It is the time to once again gather around our tables, heavy with delicious food, and give thanks for what we have, for what we have had and for all that is coming to us. There is nothing like a feast of turkey, dressing, mashed potatoes and gravy, cranberry sauce, green beans, and of course, pumpkin pie to kick off the holiday season. I began my pre-feast fast a week ago in anticipation of the huge, table bending meal. Thanksgiving is the best holiday of them all. It is like Christmas without the stress of shopping.
Every family has their special traditions this time of year. Some do the traditional turkey feast, others will be setting their tables with goose, duck, ham or, like my friend Troy's family, lasagna.
One of my family’s traditions that I miss the most was sitting at the Kid’s Table. I loved sitting at the card table set up in the kitchen or other place a comfortable distance from the Adult Table. The Adult Table was always set with the "good dishes," usually some sacred china gingerly passed down from one generation to another. The Kids' Table was set with the everyday dishes, and that was just fine with me, because everyone cared less if you accidentally broke one.
It was at the Kids' Table where our great family traditions began. It was at this simple table that some of the best stories first happened and were shared. It was here that I once laughed so hard milk came out my nose, at which point my cousin Paula started laughing so hard she wet her pants, which we both thought was hysterical and commenced to laugh even harder, so hard we made ourselves sick, all to the escalating voices from our respective parents inquiring, "What's going on in there? What are you two doing? What in the world is so funny?" And at that, with our faces flushed from laughing so hard we were hyperventilating, we burst into even more uncontrollable giggles.
Laughter like that almost never happened at the Adult Table. They were always so serious and proper, so somber and polite. It was at the Kids' Table that you could really cut loose and have a good time.

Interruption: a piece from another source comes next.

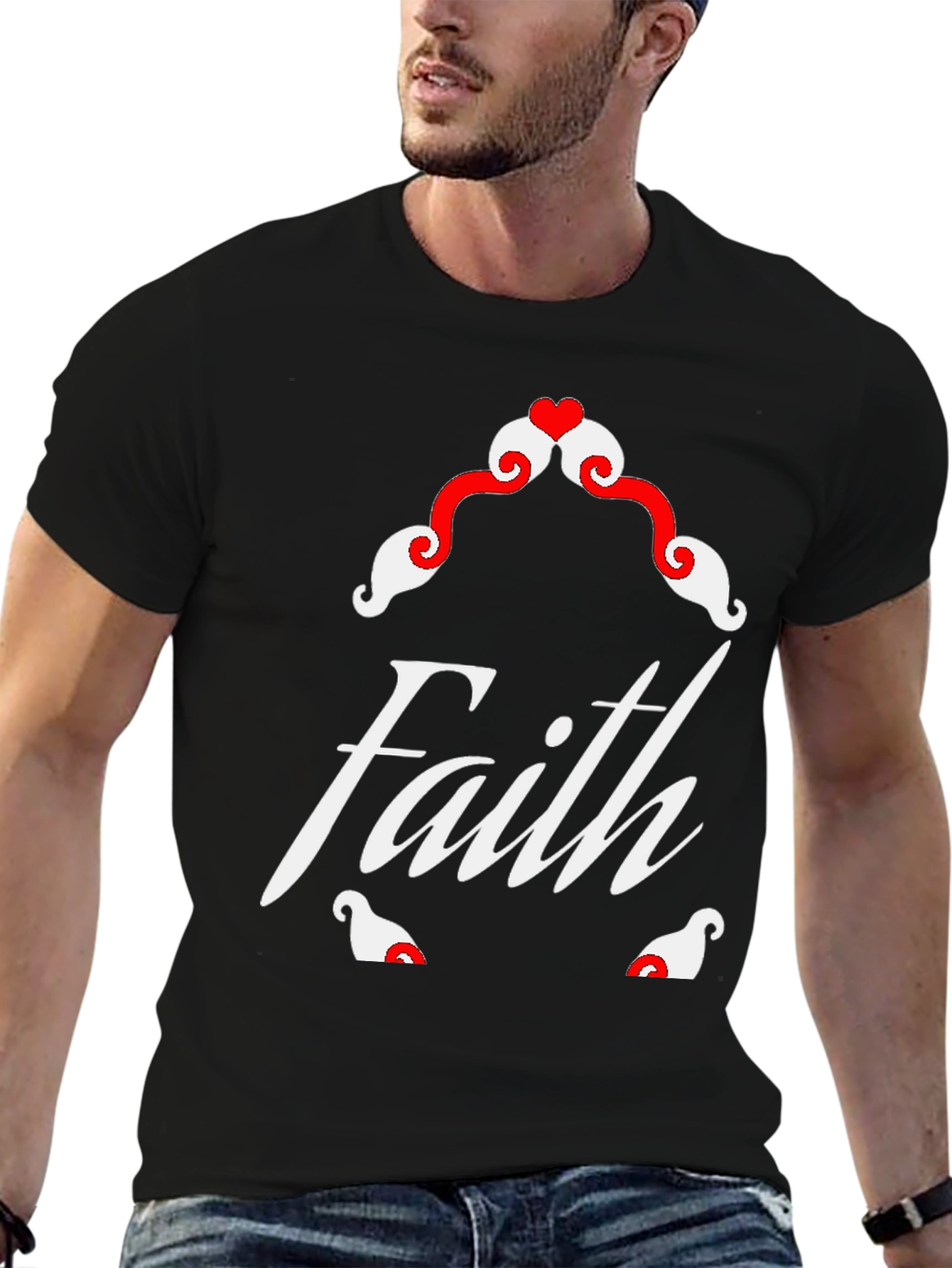 Faith Graphic Tee - Stylish Christian T-Shirt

Sometimes the stories begun around the table never die, but follow us from holiday to holiday, from year to year. One Thanksgiving when I was eight or nine, I blurted out toward the end of the meal that I could always tell when I was getting full because I started to sweat. For years, I couldn't sit down to a meal with family members without someone asking if I was sweating yet. It was funny the first few times, but after several decades, the joke grew old and stale.
I not only miss the Kids' Table, but I miss gathering with my extended family at the holidays. I no longer have any family to include me in their feasts, so I’ve been creating my own, new traditions, which often include crashing my friend’s family gatherings.
I feel fortunate and am grateful to share a Thanksgiving meal with my chosen family of friends, but I miss those days when the house would be full of grandparents, aunts, uncles and cousins. The women gathering in the kitchen making final meal preparations, the men in the living room watching football, us kids racing around from one room to the other until someone shooed us outside to burn off some of our excitement. There was laughter then and the warm, secure feeling you get when you are surrounded by the people who have known and loved you from your first breath. I miss the feeling of belonging to something bigger that being around grandparents, aunts and uncles gave me. Why, I even miss being asked if I am sweating yet.
But the only constant in life is change. Without it, we would all be stuck in the monotony of sameness. Despite not having my own family to sit with around a Thanksgiving table, I am grateful for so many fond and fun memories of Thanksgivings past and for having a large and loving circle of friends with whom to share this year's feast.
So next Thursday, as well as every day, I will give heartfelt thanks for all of my many blessings, including things just as they are.